Photo by livnir available under a Creative Commons Attribution-license
In this one we would like to share some of the highlights from The Guru in You: A Personalized Program for Rejuvenating Your Body and Soul by Cameron Alborzian.
It is an amazing book, we do not know the authors faith, but many of the questions he asks and the spiritual path he shares overlap with Islam and the Prophetic way. Below is most of the table of contents, can you make a connection?
- We become attached to the material world. First step towards happiness is intention (niyah)
- The practice of nonviolence, kindness towards ourselves and others.
- The practice of detachment, allowing what nature intends for us.
- Letting go of excess, knowing when enough is enough for the perfect amount.
- Posture, practice, and the pursuit of inner beauty.
Here are some of the highlights that we got from browsing the book.
Questions to ask ourselves
- Do you fill your life with constant chatter and entertainment?
- Am I constantly eating or drinking (even if its soda)?
- Do I constantly watch TV or films?
- Am I always in front of a computer or phone?
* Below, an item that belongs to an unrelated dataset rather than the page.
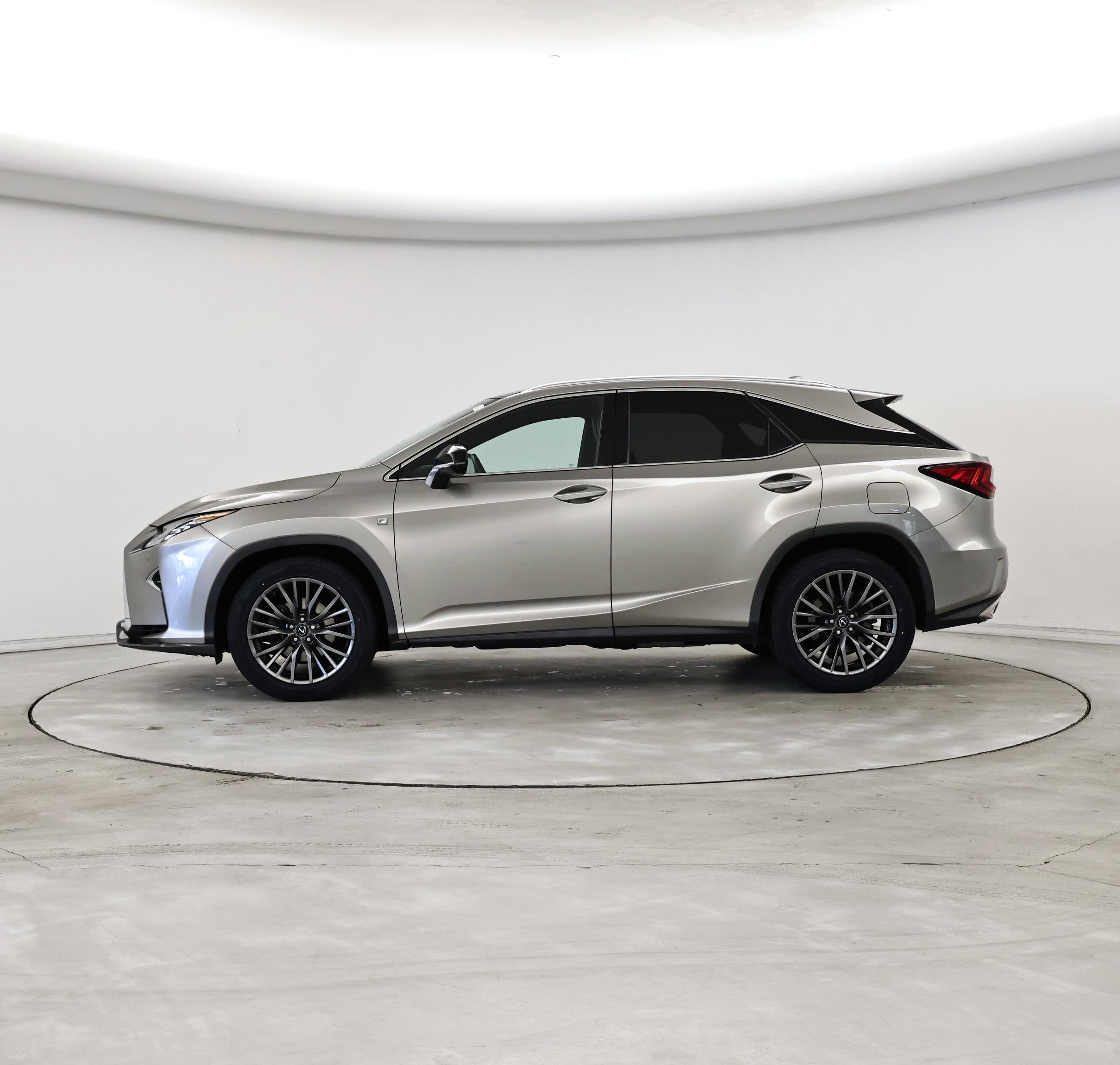 Thumbnail: 2019 Lexus RX - 3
- Am I constantly watching everything that passes by on the street?
- Am I constantly listening to music or talking on the phone?
To detox the author says we don’t need products, just drink hot water for several days. Here are some more nuggets.
- With the above examples, when our senses our stimulated our breath goes out of balance.
- Our stimulated senses induce attachments and desire.
- We love our opinions, we love having them. Learn to listen to difference of opinion.
- Detachment. eg when watching a a game, rather than hoping one side wins, just enjoy the game. You will be less drained from the experience.
- Enjoy friends company. You don’t have to fill silent gaps with meaningless chatter. It is good to have silent moments.
- The author shares a great example of attachment. We apply for a job. We see that we have a perfect fit.. We see ourselves in that role. We are attached to it, and then crushed when we don’t get it. Detachment means telling ourselves that experience may not pan out as we would like, another one is around the corner, nature (God) didn’t intend it for us.
- If we are attached to getting an object (maybe a car or whatever) detachment from goods and objects when you don’t get them means there may be a better time to get that object or it may be beneficial to not have it all.
- A great example he share which we can put into practice, is going to a bakery where you love the smell and are tempted to try out the pastries. Instead we go, take in the aroma, but control ourselves. The next time we go again we can up the ante, but each time you are in control. The key takeaway is we don’t need instant physical gratification.
- What happens when we become fearful of not getting something. Fear leads to desperation (not inspiration).
- We need spiritual freedom, a fully realized state, beyond material, mental, and emotional limits.
- Practice non-violence towards self and others. In self talk this means avoiding ‘I’m not smart enough, I won’t ever find success, I’ll never get married.”
- Cultivate sexual energy. The practice of guarding and cultivating our sexual energy and finding that balance of extremes of frustration (not having sex) versus excess.
It is hard to encapsulate a wonderful book like this, bu hopefully it gives you a flavor.